Try it online or verify all test cases.

Explanation:

„:;S              # Push string ":;", and convert it to a list of characters: [":",";"]
    ¡             # Split the (implicit) input-string on these characters
     D            # Duplicate the pair
      €g          # Get the length of each part
        Æ         # Reduce by subtracting
I                 # Push the input again
 „()S             # Push string "()", and convert it to a list of characters: ["(",")"]
     k            # Get the 0-based index of these characters in the string
                  # (or -1 if it isn't present)
      à           # Pop and push the maximum
       Ā          # Check that this is NOT 0 (0 if 0; 1 if -1, 1, 2, or 3)
-                 # Subtract the two from one another
 d                # Check that this is non-negative (>=0)

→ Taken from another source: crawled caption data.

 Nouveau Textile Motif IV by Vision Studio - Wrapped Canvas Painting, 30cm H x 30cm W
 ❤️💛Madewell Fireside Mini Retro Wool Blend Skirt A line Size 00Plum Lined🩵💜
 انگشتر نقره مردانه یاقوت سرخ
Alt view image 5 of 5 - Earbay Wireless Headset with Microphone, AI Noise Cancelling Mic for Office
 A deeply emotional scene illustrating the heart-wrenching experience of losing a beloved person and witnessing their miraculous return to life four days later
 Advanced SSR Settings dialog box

  U               # And pop and store this result in variable `X`
                  # (X=1 for faces where the mouth is left; X=0 for faces where the
                  # mouth is right or where we couldn't determine mouth/eyebrows)

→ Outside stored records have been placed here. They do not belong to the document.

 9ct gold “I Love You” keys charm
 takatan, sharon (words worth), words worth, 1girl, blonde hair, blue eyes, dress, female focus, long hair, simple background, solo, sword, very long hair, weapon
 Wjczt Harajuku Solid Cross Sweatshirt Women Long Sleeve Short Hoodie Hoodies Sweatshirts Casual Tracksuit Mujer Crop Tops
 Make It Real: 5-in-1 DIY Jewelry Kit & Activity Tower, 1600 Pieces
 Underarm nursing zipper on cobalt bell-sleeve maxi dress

v                 # Loop over the parts `y` in the pair we duplicated after the split:
 ">)]|"           #  Push string ">)]|"
         N        #  Push the 0-based loop-index
          XQ      #  Check if it's equal to variable `X` (1 if N==X, 0 if N!=X)

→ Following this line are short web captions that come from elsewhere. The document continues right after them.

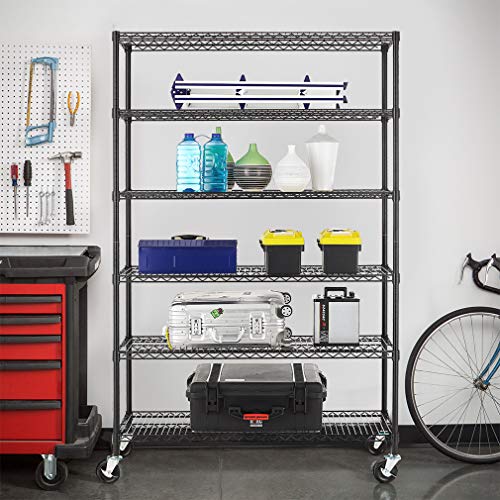 BestMassage Wire Shelving Unit Heavy Duty Garage Storage Shelves Large Metal Shelf Organizer 6-Tier Height Adjustable Commercial Grade Utility Steel Storage Rack with Wheels,18 x 48 x 72 (Black)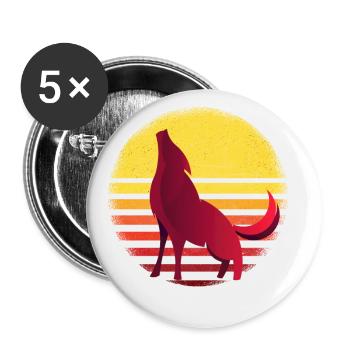 Wolf wolves howl - Buttons small 1''/25 mm (5-pack) - white - Front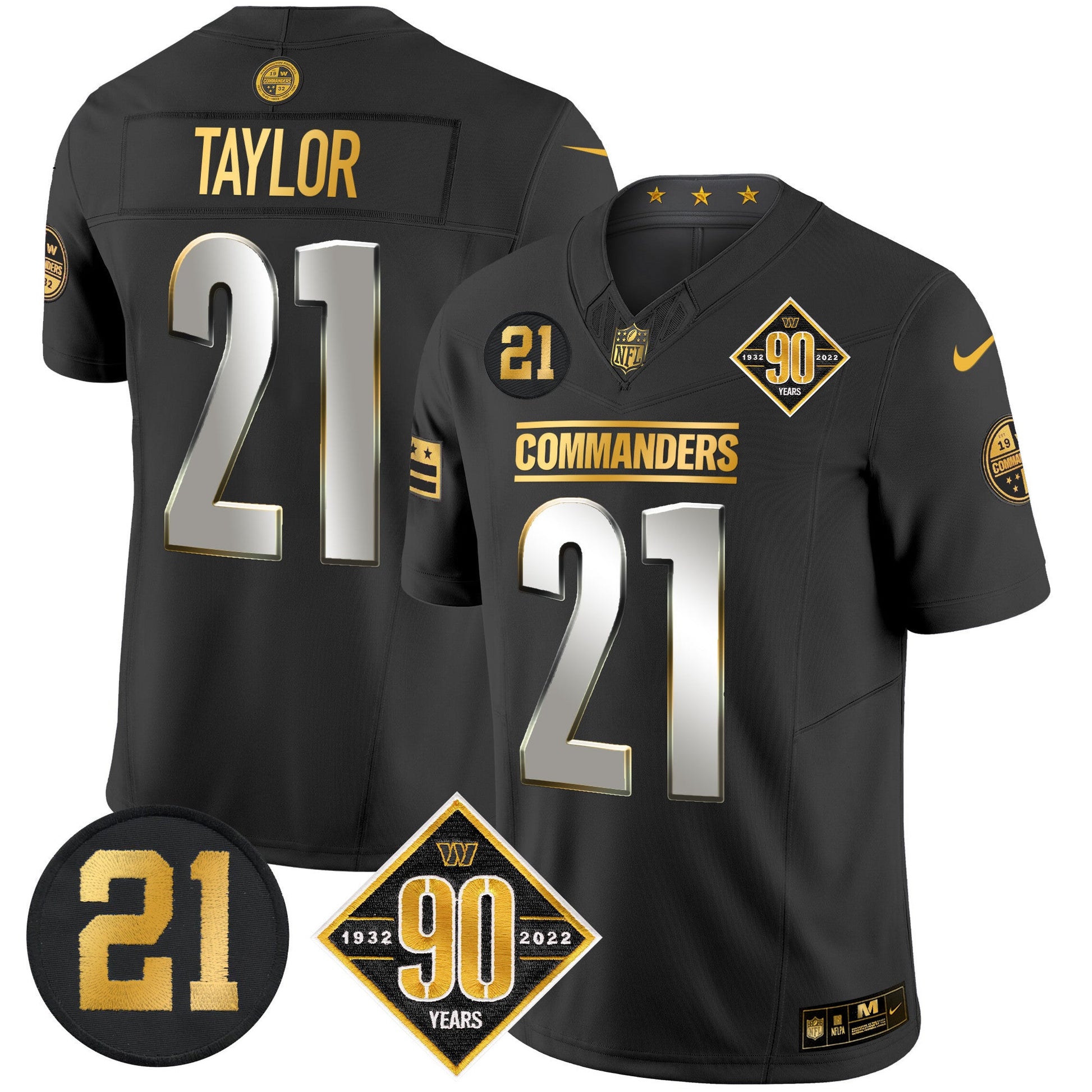 Men's Washington Commanders 90th & Sean Taylor Patch Gold Vapor Limited Jersey - All Stitched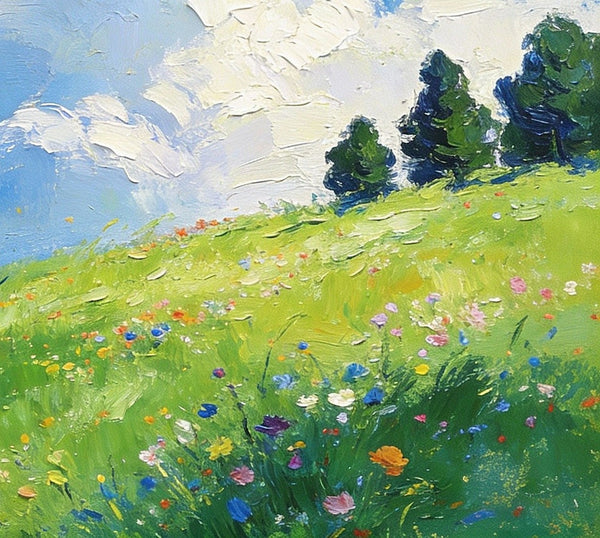 Beneath a Sky of Clouds, a Hillside in Bloom, Small Paintings on Canvas, Hand Painted Canvas Art, Small Landscape Paintings, Original Oil Paintings, Small Paintings As Birthday Gift-Grace Painting Crafts
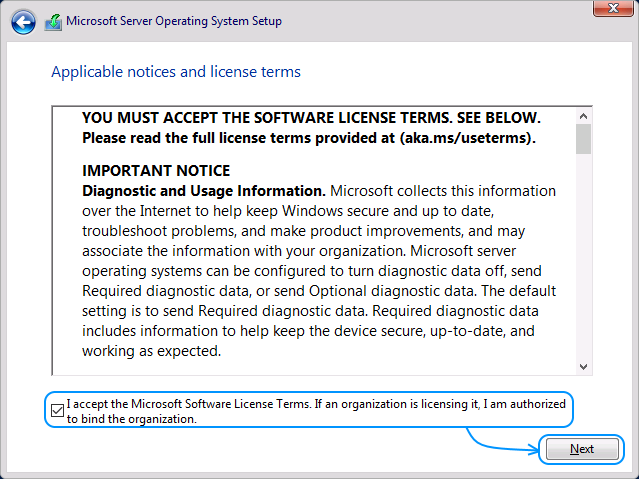 044 Instalación Windows Server 2022 Standard Evaluation - Applicable notices and license terms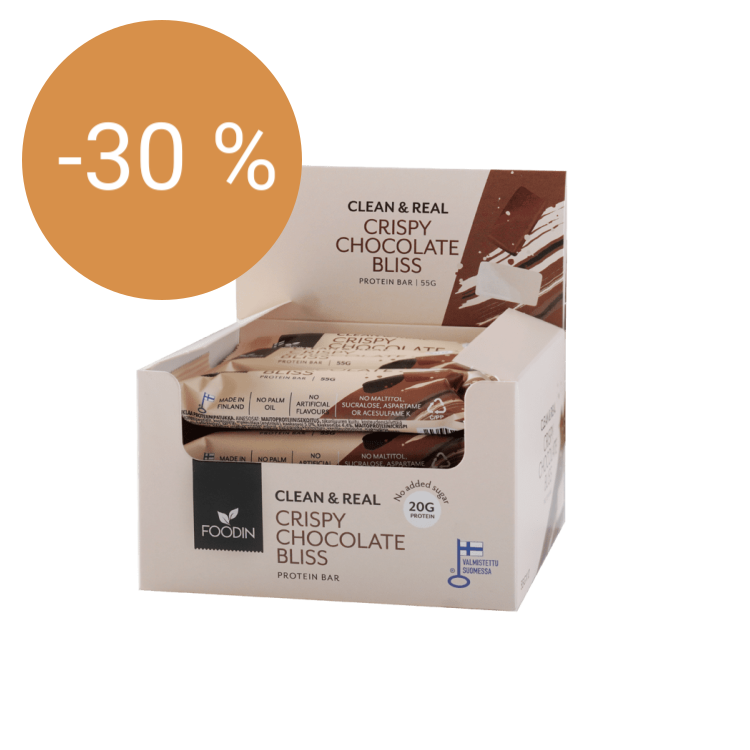 Image of Foodin Clean & Real proteiinipatukka Crispy Chocolate Bliss 55 g x 12 kpl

       ')   ×    '#  Repeat ")" that many times (")" if N==X, "" if N!=X)
             K    #  Remove that from string ">)]|"
              ©   #  Store this string in variable `®` (without popping)
               .º #  Mirror it with overlap: ">)]|"→">)]|[(<" or ">]|"→">]|[<"
 D                #  Duplicate this mirrored string
  y               #  Push the current part
   s              #  Swap so the copy of the mirrored string is at the top
    Ã             #  Keep only those characters in the part (removes noses "^"/"-")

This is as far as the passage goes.